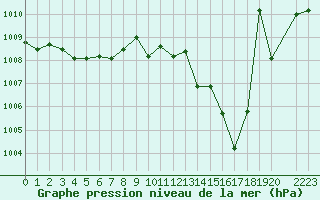 Courbe de la pression atmosphrique pour Cazaux (33)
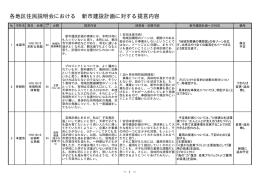 約170.1KB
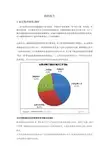 索尼数码相机市场调研报告
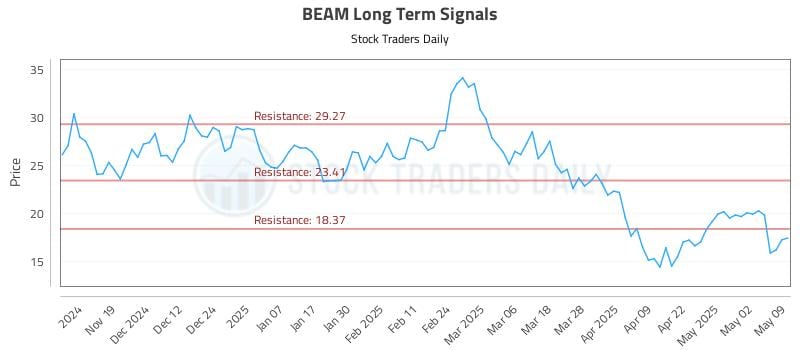 BEAM Long Term Analysis for May 10 2025 BEAM Long Term Analysis for May 10 2025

------------------------------

| WHAT THE TASK ASKS |
Retype all of the data above word for word, excluding the pictures.

| COMPLETED TASK |
 Courbe de la pression atmosphrique pour Cazaux (33)
 約170.1KB
 索尼数码相机市场调研报告
 BEAM Long Term Analysis for May 10 2025 BEAM Long Term Analysis for May 10 2025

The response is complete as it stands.